Nuphaea Temporal range: 48.2 Ma PreꞒ Ꞓ O S D C P T J K Pg N ↓ Eocene

Scientific classification
- Kingdom: Plantae
- Clade: Tracheophytes
- Clade: Angiosperms
- Order: Nymphaeales
- Family: Nymphaeaceae
- Genus: †Nuphaea Gee et David W. Taylor
- Species: †N. engelhardtii
- Binomial name: †Nuphaea engelhardtii Gee et David W. Taylor

= Nuphaea =

- Genus: Nuphaea
- Species: engelhardtii
- Authority: Gee et David W. Taylor
- Parent authority: Gee et David W. Taylor

Species of aquatic plant

Nuphaea engelhardtii was a species of aquatic plant, which occurred in the Eocene period of Germany.

==Description==
===Vegetative characteristics===
Nuphaea engelhardtii was an aquatic plant with petiolate, macrophyllous, simple, ovate leaves with an entire margin. The base of the lamina is cordate.
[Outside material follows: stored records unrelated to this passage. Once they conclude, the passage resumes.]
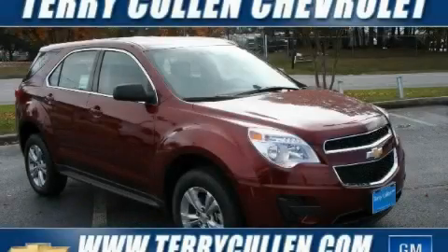This is a 2010 Chevrolet Equinox, a great blend of utility, comfort, and style.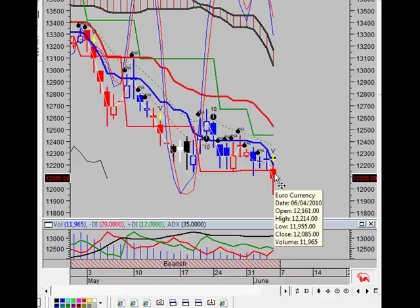On June the 4th, Friday, the euro currency closed above the lower band by 2.0%, speaking of the volatility band. You can see that we're beginning to start another leg down as we close below the consolidation support. A signal was generated as of the close of business on Friday.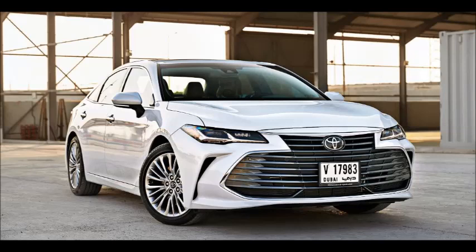2019 Toyota Avalon Review: Directional Shift. Toyota gives its flagship saloon a comprehensive makeover, but can it help the brand redefine its future direction?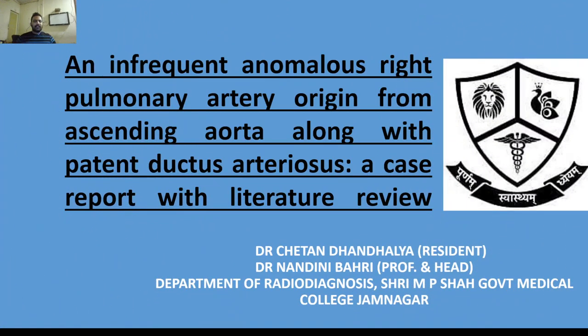Hi everyone, today I would like to discuss an infrequent anomalous right pulmonary artery origin from ascending aorta, along with patent ductus arteriosus — a case report with literature review.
The leaves have a prominent medial vein.

==Taxonomy==
===Publication===
It was published by Carole T. Gee and David Winship Taylor in 2019.

===Type specimen===
The type specimen was collected by Hermann Engelhardt in the Messel Pit, Hessen, Germany.
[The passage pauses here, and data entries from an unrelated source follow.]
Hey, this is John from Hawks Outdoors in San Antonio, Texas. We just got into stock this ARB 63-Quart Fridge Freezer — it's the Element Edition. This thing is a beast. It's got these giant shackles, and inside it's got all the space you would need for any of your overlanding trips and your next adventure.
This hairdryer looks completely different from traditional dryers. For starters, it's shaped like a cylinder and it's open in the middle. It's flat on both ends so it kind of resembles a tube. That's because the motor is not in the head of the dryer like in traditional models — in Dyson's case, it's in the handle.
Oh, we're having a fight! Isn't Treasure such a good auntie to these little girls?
===Position within Nymphaeales===
It is placed within the family Nymphaeaceae.

==Etymology==
The generic name Nuphaea reflects the intermediate position of the genus between the genera Nuphar and Nymphaea. The specific epithet engelhardtii honours the German paleobotanist Hermann Engelhardt (1839–1918).

==Ecology==
===Habitat===
It grew at the edges of the Messel lake.